Here's an idea.....

If you want to preserve the hide on the cheap....you could rinse the borax off the hide real well....and after drip drying for about 30 minutes, pour vinegar on the flesh side and let it sit for a few hours to bring the pH back to close to where it should be....THEN rinse well in several washes of clean cool water.
Then go to the local ag store (Atwoods, local coop, Souther Agriculture, etc.) or gardening deptment of a local store, and buy some aluminum sulfate (about $5.00), mix about 3 lbs into about 5 gallons of water, mix in 3 pounds of salt, and immerse the hide in the solution for about a week, stirring 2-3 times per day. Oh, yeah, use a plastic container...not metal.
Remove the hide and rinse in 5 gallons of clean water with a teaspoon of baking soda to relax and neutralize the skin a bit. Then rinse in a couple washes of cool water, and hang on the clothesline for about 3-4 hours to drip dry a bit.
If you have some sort of leather oil, rub it into the flesh side of the hide.
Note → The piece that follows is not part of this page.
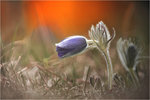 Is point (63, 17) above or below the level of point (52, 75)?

You might be able to get by with mink oil......if that's all you have.
As the hide dries over the next day or two or three, strech and pull and toss the hide around a lot to soften it as it dries.
Kind of a primitive and outdated method, but you can produce a nice soft "tanned" (actually "alum-tanned") hide this way.
The real key is in the pulling and stretching of the hide....a "staking" method also works great over a broom handle or old wooden baseball bat.
Hope this helps and good luck!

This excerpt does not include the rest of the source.